Por fin, luego de auténticas penurias y más de tres millones de litros de bilis derramados en el territorio nacional, el 6 de septiembre el IFE anunció su fallo, a favor de FeCal. AMLO, luego de un discurso desconcertante en el que admitió que su propuesta era un “sueño imposible”, desconoció el fallo y siguió con eso de autoproclamarse. Hasta hoy no ha levantado el paro, aunque dijo que permitirá que se haga el desfile de independencia el 16, que pasa justo por Reforma. Los disturbios en los estados siguen, cada vez con mayor intensidad. Y la gente, cada vez más inconforme, iracunda o temerosa, no parece querer aguantar mucho. Fox ha respirado aliviado, FeCal levantó el pecho: otra victoria para el PAN. En el contexto internacional, pasa lo esperado: Kofi Annan y Bush felicitan a FeCal; Chávez y los de NOAL desconocen al presidente electo de México (por cierto: la versión de “México Lindo y Querido” interpretada por Chávez le merecería la expulsión de cualquier escuela de canto acá). ¿Hubo fraude? Muy probablemente sí, pero de los dos lados. Es probable que el IFE haya decidido apoyar al PAN, pero también es probable que el PRD haya incurrido en prácticas dudosas el día de las elecciones (como acarrear ancianos a votar), de lo cual podríamos pensar que las reacciones son normales: FeCal seguro de su victoria, AMLO anonadado ante la falla de un sistema de fraude hormiga que “no podía fallar”. Nada fuera de lo normal.

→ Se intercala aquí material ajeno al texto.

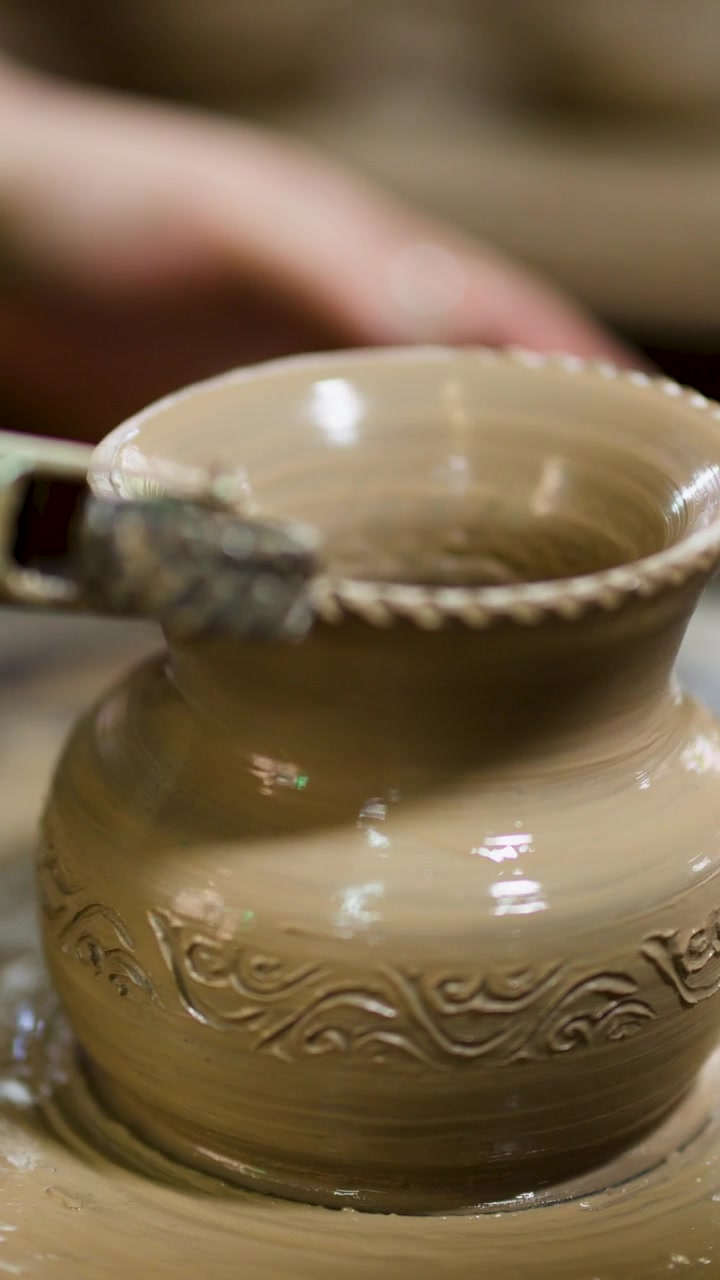 Primo piano di un artigiano che applica motivi intricati a un vaso di argilla in rotazione in Thailandia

Y justo eso es lo que preocupa. Entre nuestras bellas tradiciones, en México tenemos la de celebrar una guerra civil cada cien años, puntualmente el año 10 de cada siglo. En 1810 fue la Independencia; en 1910, la Revolución. Sepa Pedro Infante si el 2010 nos depara una deuda kármica, a pagarse con las arcas de la propia democracia que hemos construido sobre bases más bien ilusorias. Lo cierto es que, terminado (sic) el proceso electoral más reñido y democrático de la historia mexicana (sic), lo cierto es que nadie se queda tranquilo. Y lo peor: ahora lo que queda en duda no es la capacidad de un gobernante o la garantía de libertades y progreso equitativo; lo que queda en duda es la propia capacidad de México para construirse a sí mismo.